Must remain calm. Must make him see the egregious error in logic. “We can’t move to Arkansas,” I state reasonably. “We have a new baby, the kids love their schools, and I have a job. A job that I love. And our family is only an hour away. And it’s…Arkansas. I’m sorry…we can’t go there.” Off the record, I may have a slight tendency to overreact. It isn’t often, but I have been known at times to yell, scream, cry, throw things…therefore, I realized the absolute importance of remaining calm and logical. But let’s also remember that I had given birth a mere three weeks before: the irrational pregnancy hormones had not yet worn off. Not even close.
“Why not?” In his attempt to be positive and act like this wouldn’t be the end of our current awesome life as we knew it, Jeff flippantly asked that question in a way in which I envisioned him shrugging on the other end…which really ticked me off. Enter (from stage right) “just gave birth/haven’t slept in three weeks Carrie.” Is he serious? Arkansawians, Arkansians…what do you even call people from Arkansas?
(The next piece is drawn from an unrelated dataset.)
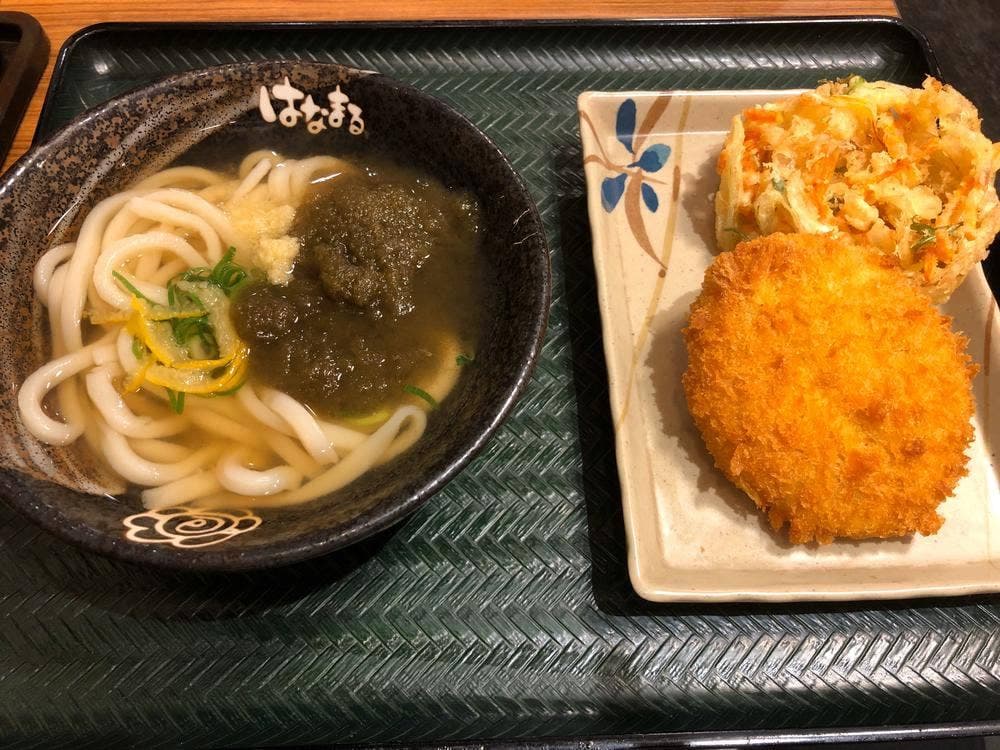 はなまるうどん 佐世保四ヶ町店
“Jeff, we have a life in Mt. Juliet. We have friends, a church, jobs…we have put down roots here. This is our home.”
“Carrie, our home is wherever we are together.”
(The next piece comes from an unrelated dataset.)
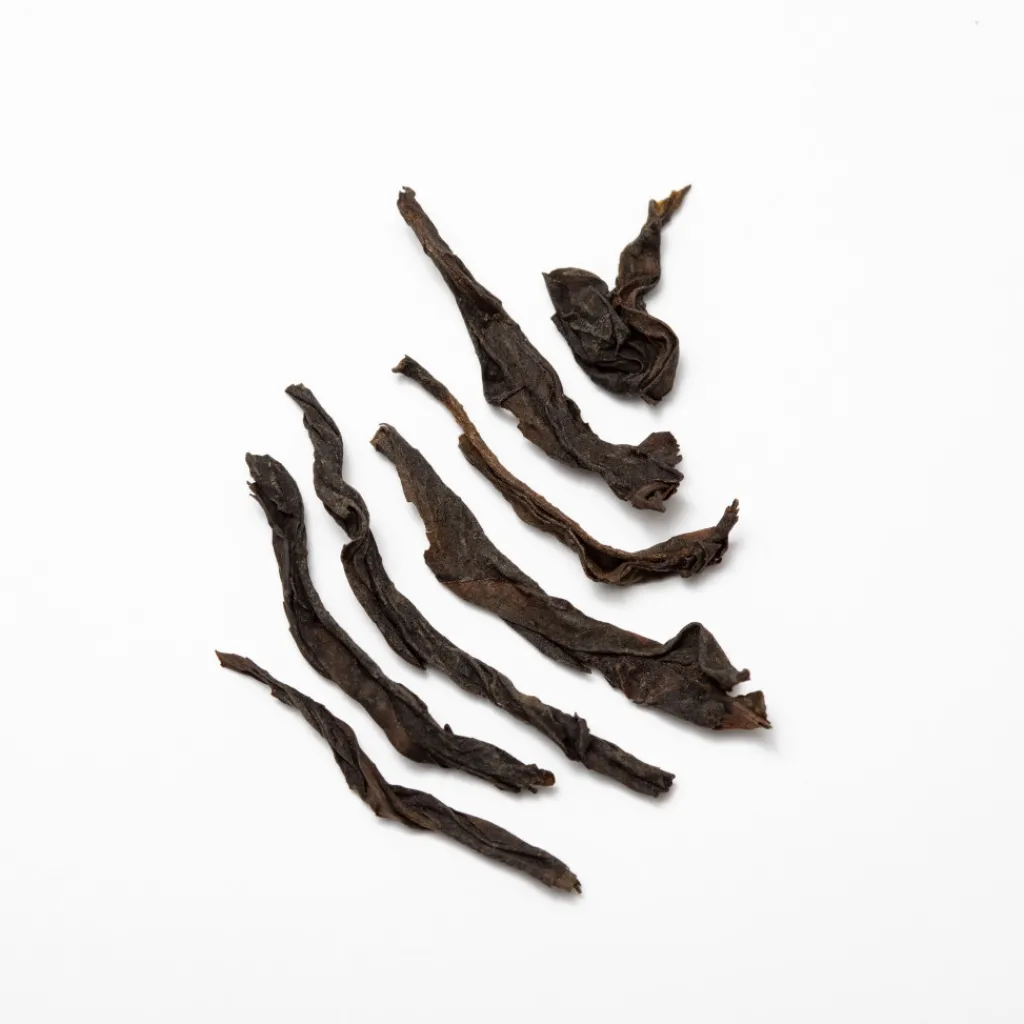 Terza Luna Tè Rari Premium^Ba Xian Dan Cong -Oolong tea-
Sage advice…wonder if he is consulting the “How to Spring Relocation on Your Wife” handbook. Does it have different options, like a “Choose Your Own Adventure”? “If your wife is a rational human being, go to script on page 3. If your wife is momentarily irrational, go to script on page 7. If your wife just went post-pregnancy-hormone ballistic on you, consult Appendix C or call attorney.”
Tears. Lots of them. It is then that I realize I have pulled over in the Mt. Juliet Police Department’s parking lot. I am sobbing in the front seat of my car, a newborn baby in the back, and yelling, “Why would you even want to do this?” into my cell phone. I’ve attracted attention.
The buzz-cut police officer literally tapped on my window. (I wish it had been with a flashlight or a gun…that would’ve made for a better story, right?) “Is everything alright, ma’am?”
“NOOOOO!!! It’s NOT alright!” I sob.
“Are you okay? Can I call someone for you? What’s the matter?” He’s thinking: this crazy girl has driven up in our parking lot and is in the middle of some domestic dispute. Except she’s on the phone. And there’s a baby in the back seat.
“ARKANSAS is the matter, officer!” sobbing into phone. Jeff trying to convince me that all is not lost.
“YES!!! My crazy husband wants to move there. Can you believe that?!?”
Jeff: “Is that a police officer? Where are you, Carrie? Did you get pulled over again?”
Me: “Arkansas!!!! I don’t want to move there! I don’t even want to drive through there!!”
Officer: “Arkansas? It’s not so bad, ma’am. I grew up in southern Arkansas. It’s a really beautiful state.”
Jeff: “Will you at least not say ‘no’ right away?”
So, two men had me cornered. One I love more than my own life, and one was wielding a billy club. (Okay, so flashlight, gun, AND billy club were all safely tucked away on his belt, but I wish he had felt the urge to wield them as it would’ve made for a better story.)
And so I said I’d think about it. Did I mean it? Nope.